Dementia With Amyloid-Negative Status

It is not rare for neurologists specializing in cognitive disorders to be surprised at an amyloid-negative positron emission tomography (PET) result and/or normal Aß42 CSF levels despite abnormally elevated p-tau CSF levels and evidence of atrophy on MRI or hypometabolism on fluorodeoxyglucose (FDG)-PET in an individual who fits the clinical pattern for mild dementia of AD type. Such individuals show a pattern of symptoms (gradual decline in episodic memory, not helped by cues, looking for words, and subtle executive impairment at work or at home) and the temporal progression over 1 to 2 years toward mild dementia (Figure).

Practical considerations in these cases include

1. family history focusing on atypical dementia and other neurodegenerative conditions (eg, Parkinson’s disease, amyotrophic lateral sclerosis, or frontotemporal dementia (FTD);

2. annual MRI and FDG-PET for patterns of atypical dementias⁴;

3. features of FTD (eg, apathy, reduced social cognition, disinhibition, and dysexecutive or compulsive symptoms);

4. agitated sleep, visual hallucinations, and symptom fluctuations suggest dementia with Lewy bodies, which can be confirmed in many cases by the cingulated island sign on PET-FDG or a dopamine transporter (DaT) single photon emission tomography (SPECT) scan⁵;

5. physical and neurologic examinations for vertical saccades and neck rigidity of early progressive supranuclear palsy (PSP) or asymmetric motor findings of early corticobasal degeneration (CBD).

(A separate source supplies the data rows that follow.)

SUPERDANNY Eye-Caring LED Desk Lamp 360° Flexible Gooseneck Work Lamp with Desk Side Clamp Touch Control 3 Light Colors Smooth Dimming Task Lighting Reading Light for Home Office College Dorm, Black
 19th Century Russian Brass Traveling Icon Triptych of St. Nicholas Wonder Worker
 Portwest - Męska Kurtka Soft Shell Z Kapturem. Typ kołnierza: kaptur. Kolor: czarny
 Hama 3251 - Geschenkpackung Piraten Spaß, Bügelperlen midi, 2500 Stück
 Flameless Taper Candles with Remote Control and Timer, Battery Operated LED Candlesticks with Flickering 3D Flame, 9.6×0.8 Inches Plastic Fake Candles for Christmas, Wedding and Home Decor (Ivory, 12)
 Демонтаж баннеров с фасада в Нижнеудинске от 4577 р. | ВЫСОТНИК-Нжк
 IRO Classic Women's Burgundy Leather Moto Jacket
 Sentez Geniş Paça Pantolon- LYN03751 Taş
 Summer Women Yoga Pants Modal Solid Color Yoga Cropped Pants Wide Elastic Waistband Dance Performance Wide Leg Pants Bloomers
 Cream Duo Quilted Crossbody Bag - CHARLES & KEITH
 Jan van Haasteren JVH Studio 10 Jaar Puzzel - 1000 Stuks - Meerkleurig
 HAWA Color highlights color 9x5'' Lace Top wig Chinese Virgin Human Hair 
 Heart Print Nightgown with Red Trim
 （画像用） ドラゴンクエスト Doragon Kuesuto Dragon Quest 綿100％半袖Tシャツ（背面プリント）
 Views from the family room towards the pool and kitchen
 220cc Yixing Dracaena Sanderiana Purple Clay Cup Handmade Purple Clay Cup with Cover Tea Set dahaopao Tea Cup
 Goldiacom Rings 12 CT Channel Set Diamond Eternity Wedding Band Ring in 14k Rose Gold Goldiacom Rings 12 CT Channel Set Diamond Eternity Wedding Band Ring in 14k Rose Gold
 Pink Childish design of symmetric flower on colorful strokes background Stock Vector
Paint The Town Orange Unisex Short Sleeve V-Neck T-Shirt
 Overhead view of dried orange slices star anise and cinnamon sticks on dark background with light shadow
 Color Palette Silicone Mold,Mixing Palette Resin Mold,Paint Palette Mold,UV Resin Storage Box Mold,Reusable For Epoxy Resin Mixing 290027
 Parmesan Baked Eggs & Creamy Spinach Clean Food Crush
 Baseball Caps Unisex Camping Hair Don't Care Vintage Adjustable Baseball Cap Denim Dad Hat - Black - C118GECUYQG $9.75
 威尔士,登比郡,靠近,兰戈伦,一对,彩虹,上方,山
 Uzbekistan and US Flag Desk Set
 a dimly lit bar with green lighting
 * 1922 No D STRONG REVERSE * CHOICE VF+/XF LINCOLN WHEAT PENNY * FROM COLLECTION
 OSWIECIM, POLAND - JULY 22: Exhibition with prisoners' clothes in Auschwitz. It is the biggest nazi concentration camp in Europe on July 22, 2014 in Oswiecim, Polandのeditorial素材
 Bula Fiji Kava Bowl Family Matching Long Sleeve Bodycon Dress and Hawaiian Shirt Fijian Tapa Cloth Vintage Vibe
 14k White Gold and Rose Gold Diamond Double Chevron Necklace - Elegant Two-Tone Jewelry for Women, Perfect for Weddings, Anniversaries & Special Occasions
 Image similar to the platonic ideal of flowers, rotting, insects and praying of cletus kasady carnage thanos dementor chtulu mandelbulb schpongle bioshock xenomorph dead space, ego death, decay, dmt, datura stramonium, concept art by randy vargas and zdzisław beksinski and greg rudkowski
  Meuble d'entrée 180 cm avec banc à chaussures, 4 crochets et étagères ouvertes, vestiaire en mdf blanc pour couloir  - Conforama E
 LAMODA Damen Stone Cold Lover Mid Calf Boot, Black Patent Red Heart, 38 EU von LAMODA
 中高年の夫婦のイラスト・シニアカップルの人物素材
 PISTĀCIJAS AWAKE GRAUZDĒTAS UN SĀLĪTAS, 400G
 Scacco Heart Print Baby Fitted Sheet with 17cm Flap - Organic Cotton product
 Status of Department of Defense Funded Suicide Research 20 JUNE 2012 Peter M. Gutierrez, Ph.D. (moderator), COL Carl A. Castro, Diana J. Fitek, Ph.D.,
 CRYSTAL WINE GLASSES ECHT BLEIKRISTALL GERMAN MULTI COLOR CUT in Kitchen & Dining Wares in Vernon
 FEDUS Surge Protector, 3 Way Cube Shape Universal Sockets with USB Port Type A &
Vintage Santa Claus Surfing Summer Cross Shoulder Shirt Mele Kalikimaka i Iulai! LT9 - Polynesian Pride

There is increasing recognition of primary age-related tauopathy (PART) especially in people over age 85, with a slower rate of cognitive decline compared with AD, as illustrated by the case shown in the Figure.⁶

Beyond Amyloid-Tau-Neurodegeneration Criteria

The ATN criteria bring up the need for flexibility in incorporating newly validated biomarkers, such as α-synuclein and TDP43 proteinopathies, microinfarcts, hippocampal sclerosis, and argyrophilic grains that can occur alone or in combination with AD pathologic changes.^7-9 White matter hyperintensities (WMH), which can be easily quantified using MRI are a frequent comorbidity in individuals over age 55 with cognitive impairment.¹⁰ Neuroinflammation has been proposed as a major contributor to cell death at some stage in the AD pathologic process.¹¹ Biomarkers related to the classic pathology of AD (ATN) and others (V for vascular, S for synuclein, I for inflammation) are under accelerated development, and periodic revisions to the ATN criteria and framework are to be expected.¹² The biggest hope is to have blood-based biomarkers that are reliable indicators of intracerebral pathology, reducing the need for PET and CSF examination.¹³ For example, neurofilament light chain is a promising peripheral marker for neurodegeneration.¹⁴ In combination with available demographic (eg, age, gender, education, and vascular risks) and genetic data (ApoE genotype), algorithms may be developed to use the least invasive and most cost-effecive means of diagnosing causes of dementia.

Conclusions

The current ATN framework for AD will facilitate research in pathologically homogeneous groups of patients but will not help to determine comorbid factors at play in most people with dementia. The framework will thus be expanded as the validation of imaging, CSF and blood biomarkers bears fruit. It is essential that biomarkers utilized in the assessment of clinical cases are well validated.¹⁵ An advantage of the ATN framework for practicing neurologists is to broaden the diagnosis in vivo for people with nonamyloid dementias, and to look for comorbidity even in their amyloid-positive patients. In the near future this individual approach to diagnosis of dementia will lead to personalized combination therapy approaches.